CVOs are Private Armies. If were looking for private armies in the sense of contractual professional hitmen trained in combat for private purposes we won’t find much of them unless you look for Blackwater in the country (and there were Filipinos contracted under Blackwater during the Iraq war). CVOs are private armies in the sense that aside from legitimate duties “outsourced” (By the way, administration of some prisons in the US are outsourced to private contractors and they are deemed private in that general sense as the case with CVOs) they also earn their keep through other means. It is not a coincidence that LGU executives influence the selection of CVOs and more often than not they choose people loyal to them.
Take for example the case of the Ilaga and the Barracuda in Mindanao during the 1970s. Both groups depicted as brigands and thieves and sometimes as vigilantes were often composed of militiamen, soldiers and policemen of a particular faith or ethnolinguistic group. It wasn’t just coincidence that the Barracuda group rarely attacked Ali Dimaporo’s (then governor of Lanao) supporters or properties.
The bigger problem with prvate armies though is that they are seen as an important cog in the anti-insurgency problem. This stems from state weakness in addressing rebellions hence they have to “outsource” the anti-insurgency campaign so to speak. It was funny what the government ultimately said about weakening the hold of warlords in Mindanao. It spoke of making them irrelevant and diminishing their power base in the provinces. Yet, the government most especially Gilbert Teodoro, appointed heir to the LAKAS regime, has been mum on eradicating private armies most especially those in the private armies who also serve as members of the CVOs or the AFP. Its like saying we’d get rid of the druglord but we’ll keep the drugs. But it is understandable to maintain the CVOs and “reform” the private armies as well. One can do that by maintaining the CVO itself but elminating from private armies full time private contractors only and keeping members of the private armies who are dual CVOs and privateers. Now, why is that so?

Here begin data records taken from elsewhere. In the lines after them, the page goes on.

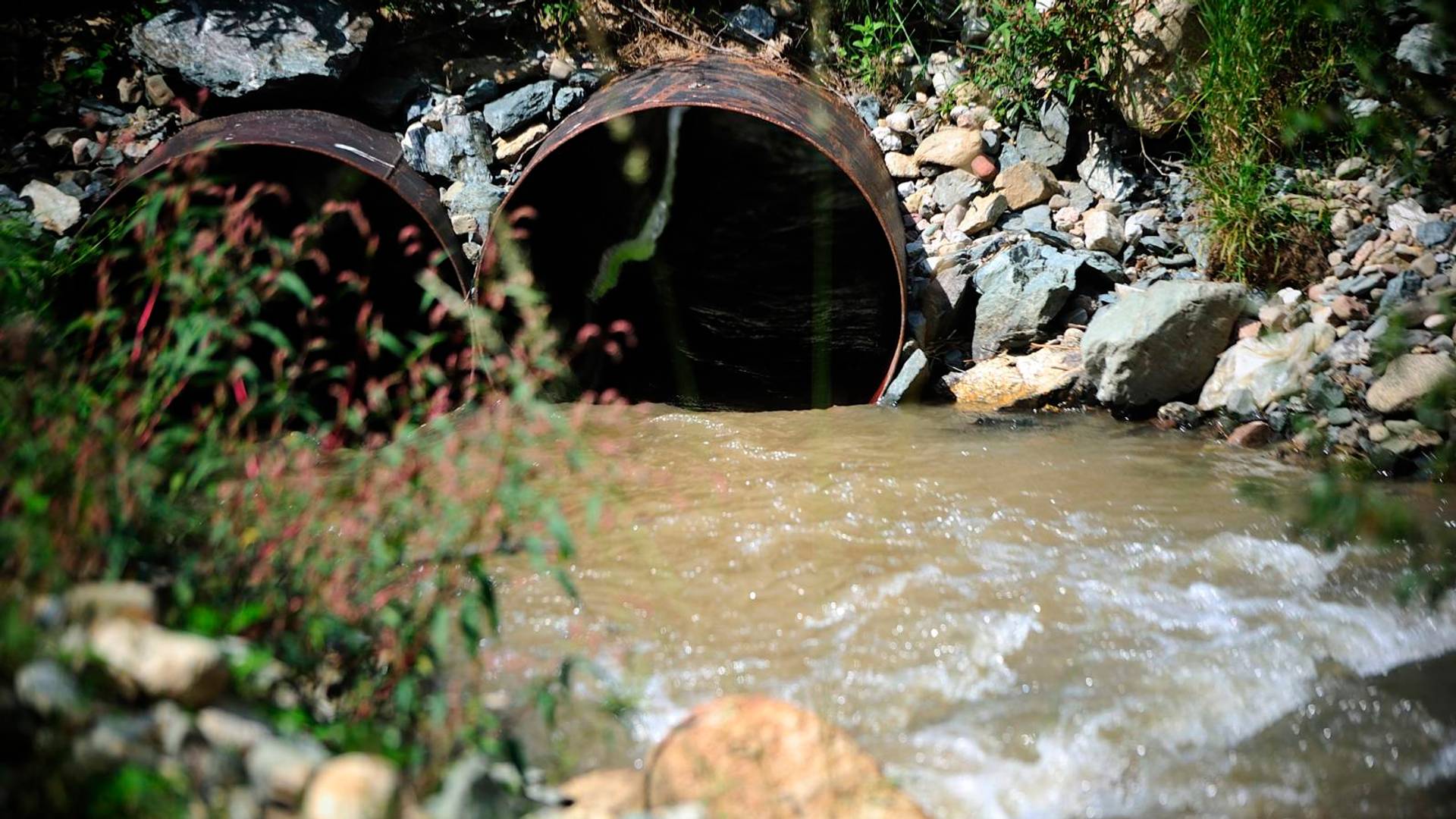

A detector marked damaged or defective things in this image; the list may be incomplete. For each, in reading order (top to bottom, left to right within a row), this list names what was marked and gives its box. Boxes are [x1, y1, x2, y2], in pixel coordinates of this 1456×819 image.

rusted pipe rim [85, 108, 469, 282]
rusted pipe rim [483, 55, 902, 402]
rusty metal culvert pipe [483, 56, 902, 408]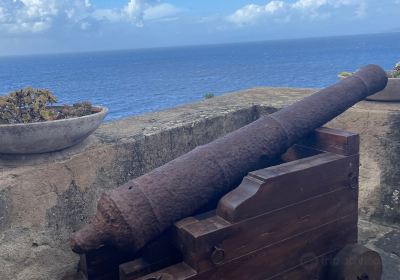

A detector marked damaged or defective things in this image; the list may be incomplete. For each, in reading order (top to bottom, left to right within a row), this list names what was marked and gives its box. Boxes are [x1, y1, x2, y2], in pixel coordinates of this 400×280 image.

cracked concrete [0, 87, 398, 278]
rusty cannon barrel [71, 64, 388, 255]
rusty metal surface [71, 64, 388, 255]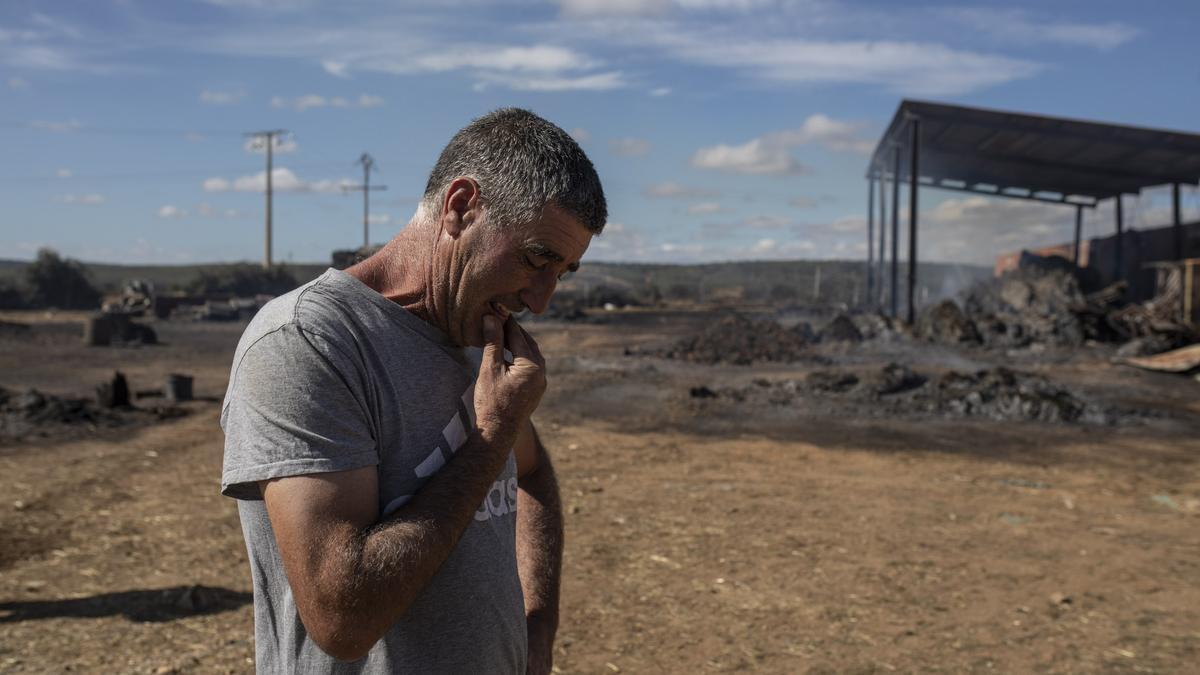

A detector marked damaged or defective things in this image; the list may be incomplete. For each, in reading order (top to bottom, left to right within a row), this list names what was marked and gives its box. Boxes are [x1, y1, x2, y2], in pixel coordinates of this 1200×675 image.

burnt metal shed [864, 97, 1200, 324]
rusty metal sheet [1118, 341, 1200, 372]
burnt debris pile [700, 362, 1113, 420]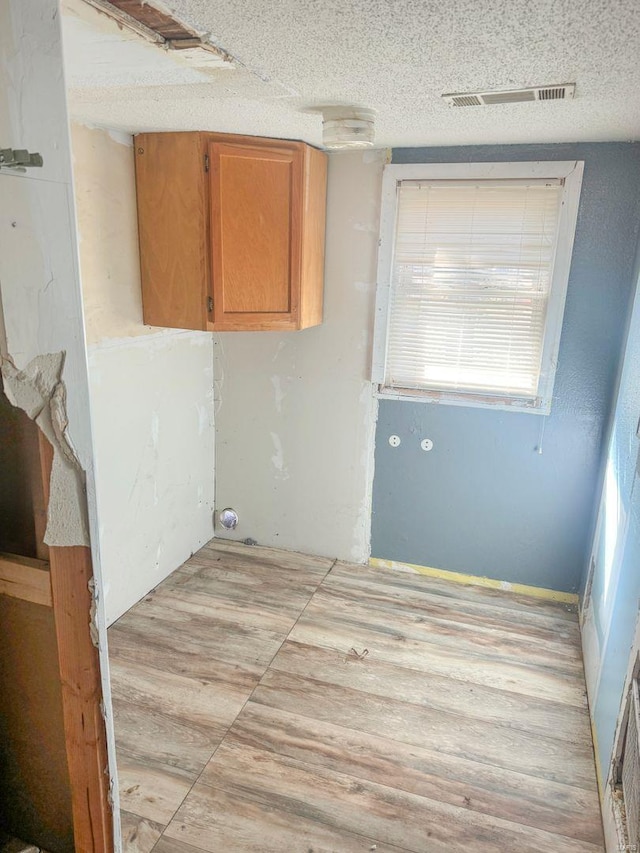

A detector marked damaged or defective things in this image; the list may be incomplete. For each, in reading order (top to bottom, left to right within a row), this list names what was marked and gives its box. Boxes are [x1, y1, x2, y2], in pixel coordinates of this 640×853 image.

damaged ceiling [61, 0, 640, 146]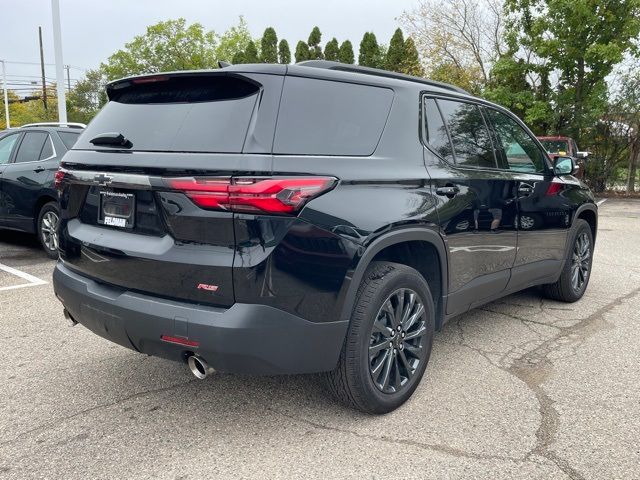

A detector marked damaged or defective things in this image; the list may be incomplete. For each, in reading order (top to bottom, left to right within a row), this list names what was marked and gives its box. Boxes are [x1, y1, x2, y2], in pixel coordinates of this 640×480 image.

cracked pavement [1, 197, 640, 478]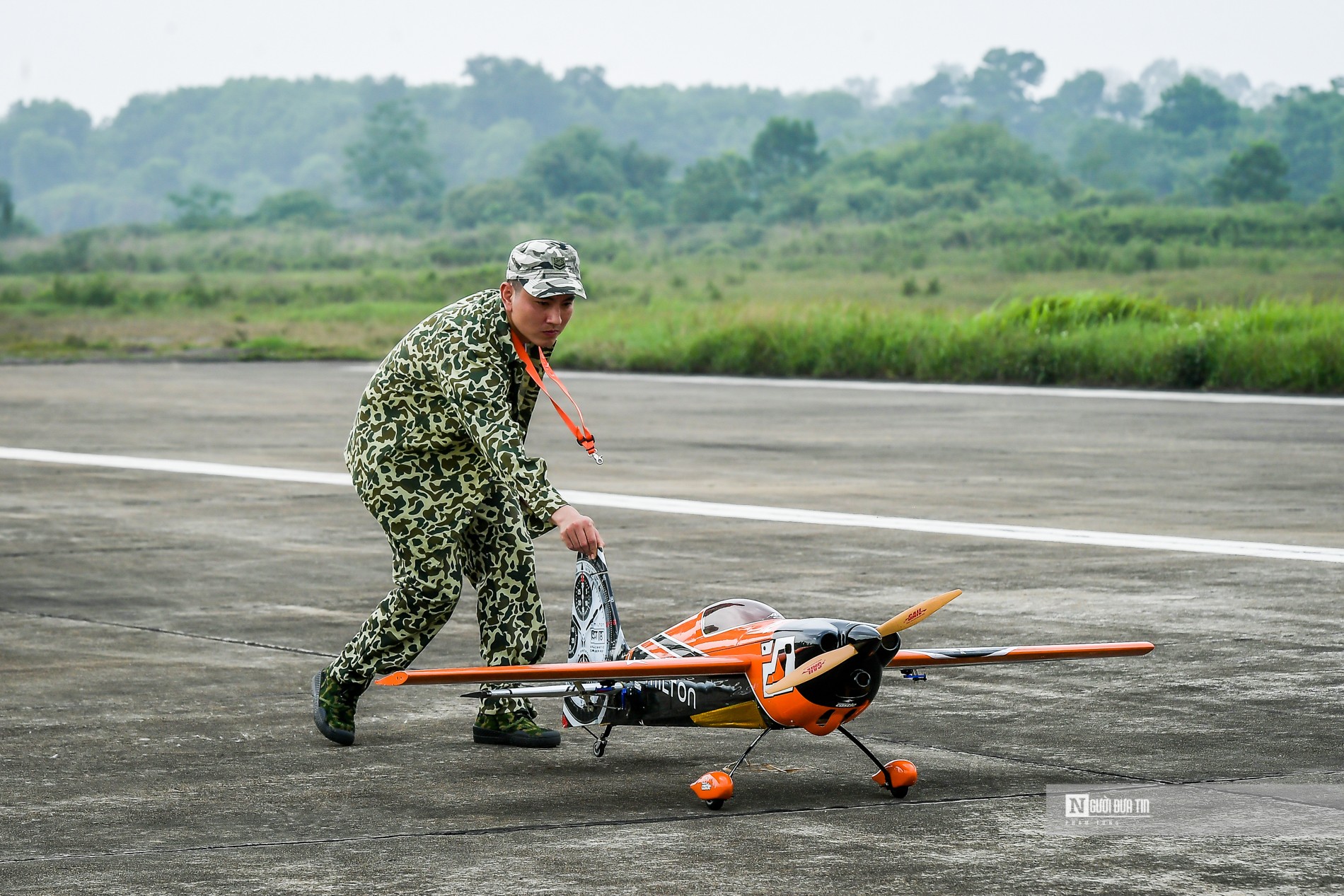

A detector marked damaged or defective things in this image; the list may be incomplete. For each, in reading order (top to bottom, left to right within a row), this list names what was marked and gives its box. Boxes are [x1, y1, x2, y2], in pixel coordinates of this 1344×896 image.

crack in concrete [0, 610, 336, 658]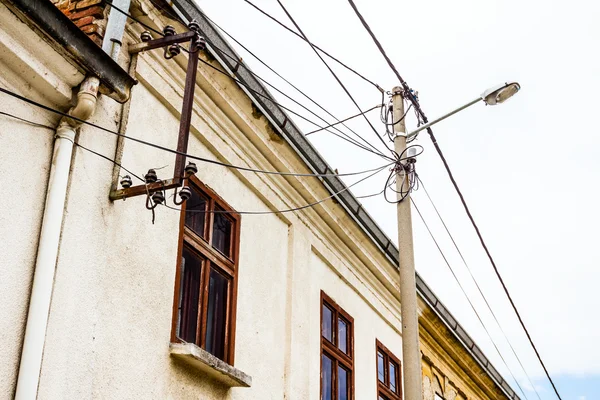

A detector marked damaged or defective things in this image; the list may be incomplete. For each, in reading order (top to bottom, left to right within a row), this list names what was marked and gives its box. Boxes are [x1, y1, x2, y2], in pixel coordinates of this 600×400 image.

rusty metal bracket [111, 23, 205, 202]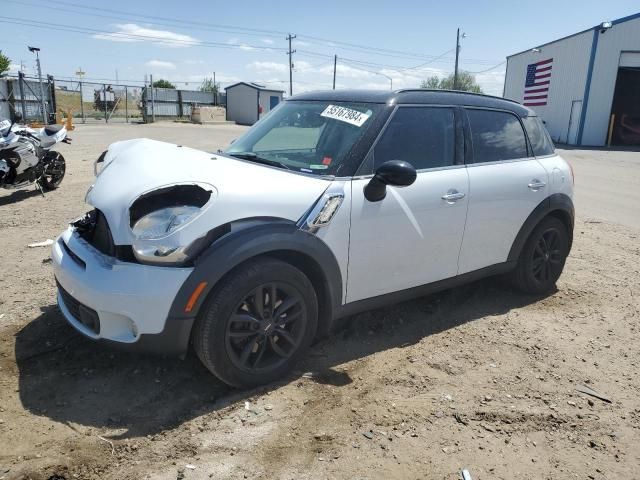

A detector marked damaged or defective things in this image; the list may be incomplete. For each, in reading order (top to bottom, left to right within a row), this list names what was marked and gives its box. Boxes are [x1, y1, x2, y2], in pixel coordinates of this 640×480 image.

crumpled hood [87, 138, 330, 244]
damaged front bumper [52, 227, 195, 354]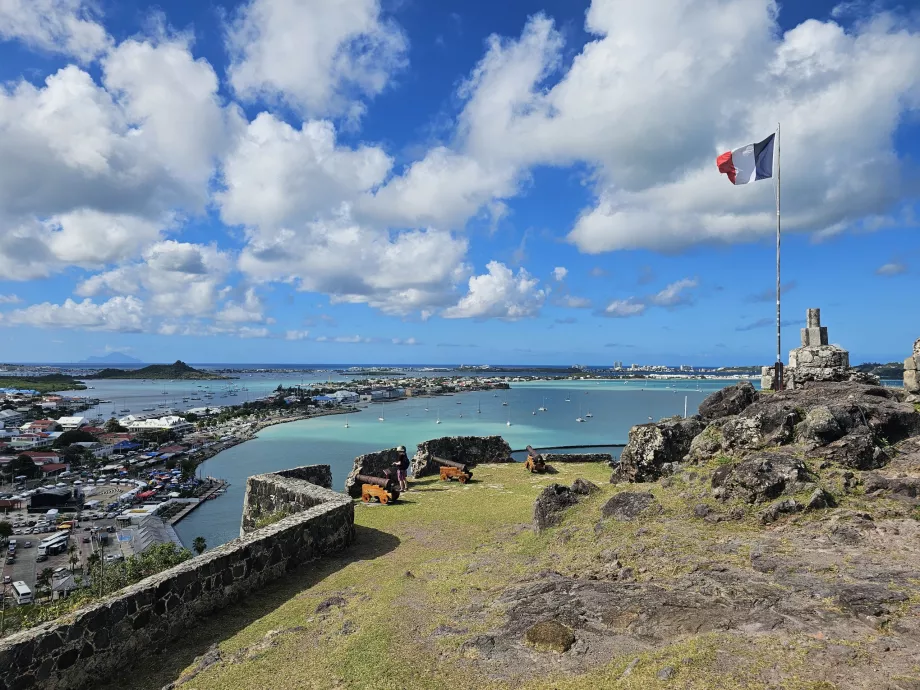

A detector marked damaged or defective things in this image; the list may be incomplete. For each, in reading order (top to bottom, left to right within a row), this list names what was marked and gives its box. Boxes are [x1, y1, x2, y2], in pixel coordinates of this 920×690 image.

rusty cannon [434, 454, 474, 482]
rusty cannon [524, 446, 548, 472]
rusty cannon [358, 470, 400, 502]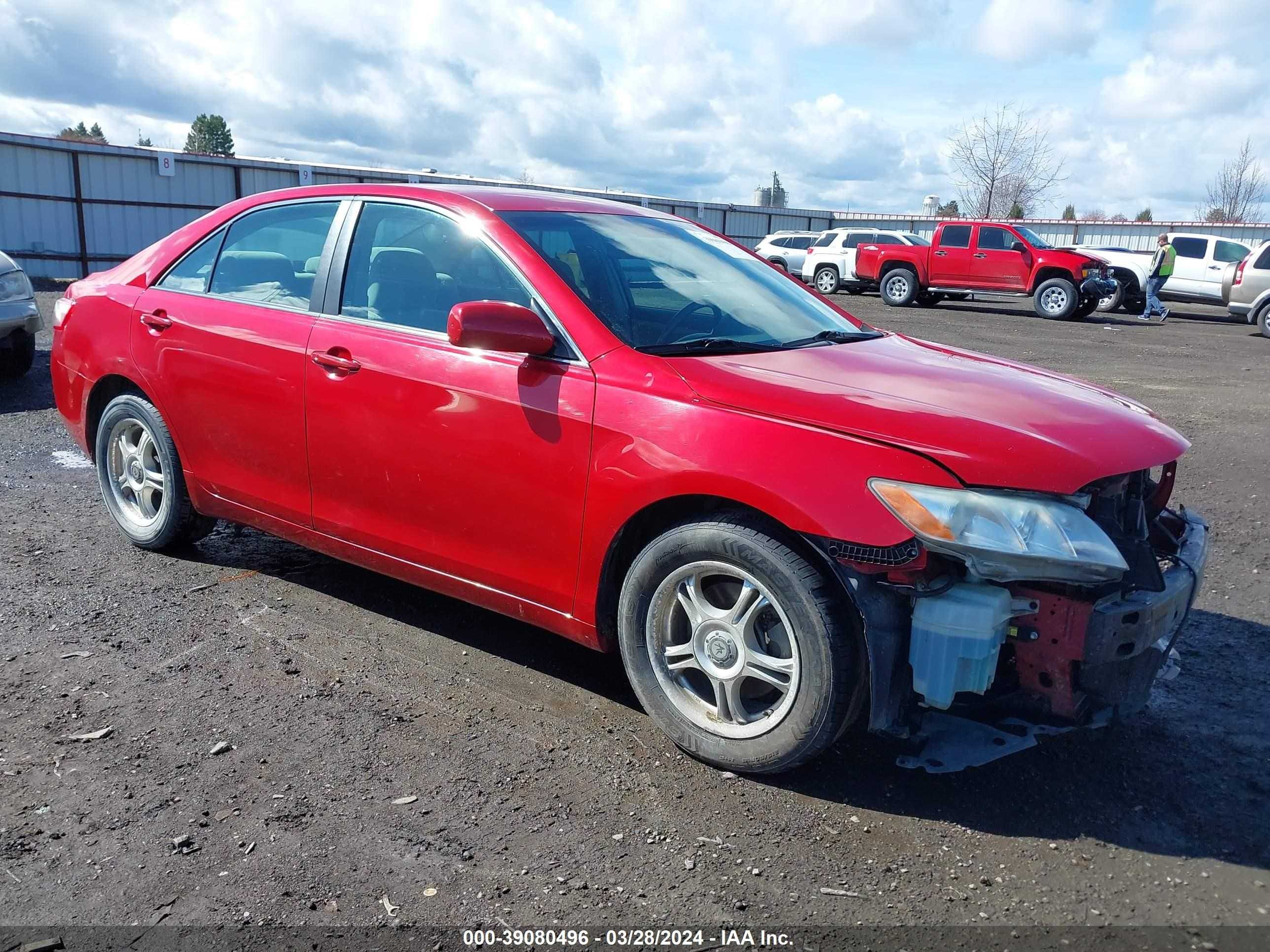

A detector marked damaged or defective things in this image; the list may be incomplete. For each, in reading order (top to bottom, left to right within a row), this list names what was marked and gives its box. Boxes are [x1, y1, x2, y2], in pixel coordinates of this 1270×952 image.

damaged front end of car [812, 464, 1199, 777]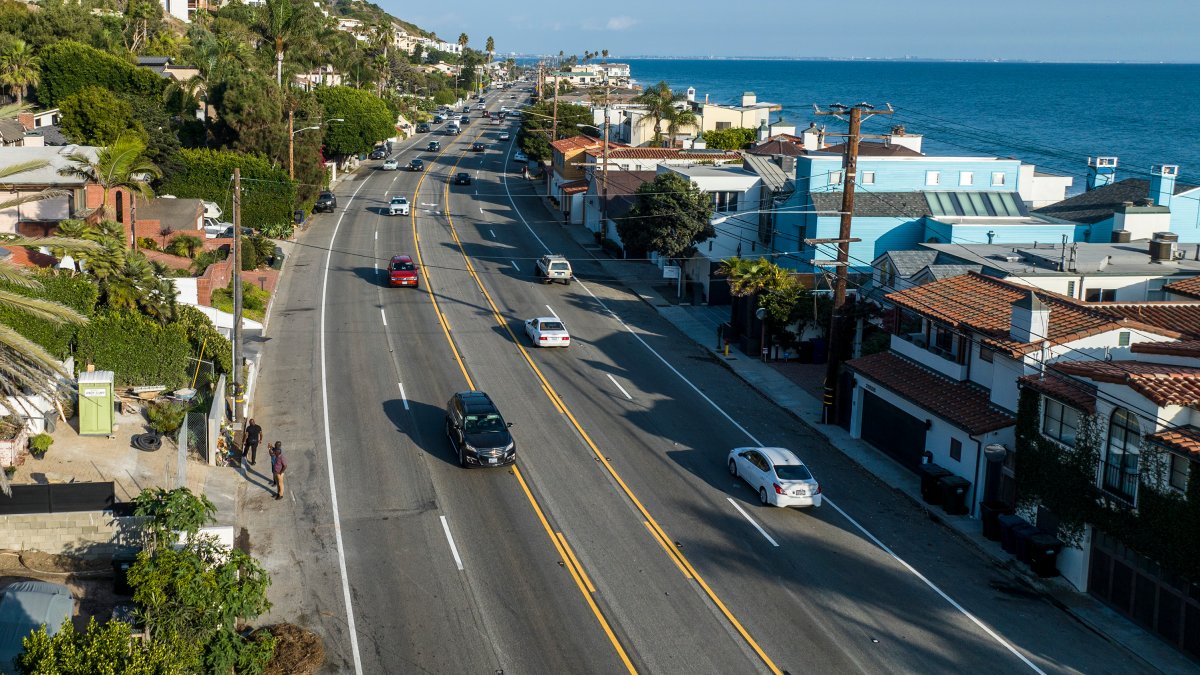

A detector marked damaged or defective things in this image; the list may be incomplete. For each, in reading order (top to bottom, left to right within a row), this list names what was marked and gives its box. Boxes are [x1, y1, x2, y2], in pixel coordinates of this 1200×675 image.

asphalt crack seal line [412, 124, 638, 667]
asphalt crack seal line [439, 145, 777, 672]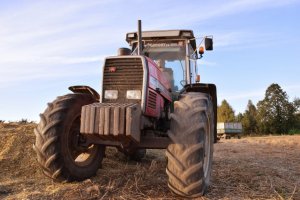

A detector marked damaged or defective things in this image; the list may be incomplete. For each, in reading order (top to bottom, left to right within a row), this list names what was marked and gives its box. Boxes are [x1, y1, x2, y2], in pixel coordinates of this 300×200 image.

rusty tractor body [34, 21, 218, 198]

Well, it would be easier for government to regulate privateers who are also CVOs since they would have some power of them. The full-time privateers on the other hand, cannot be regulated because they are under the full pay of warlords. Hence, by eliminating the full-time privateers, which is already being done by many warlords not just in Mindanao, warlords can justify maintaining a standing army for the purposes of combating rebellion. The government keeps their “outsourced” (read: private) militia force and the warlord gets to enjoy the services of these force whenever they are free from anti-insurgency campaigns and so long as the violence and atrocities they commit do not exceed the tolerance level of the desensitized populace (something like 3 to 10 deaths at a time). As keenly observed by Rep. Teddy Locsin in an interview with ANC, warlords in the south were shocked by the acts of Andal Ampatuan because they went beyond the bounds of tolerable violence. It was simply because the governor used the absolute power he had for absolute violence. But if you do have absolute power, wouldn’t you act with absolute impunity?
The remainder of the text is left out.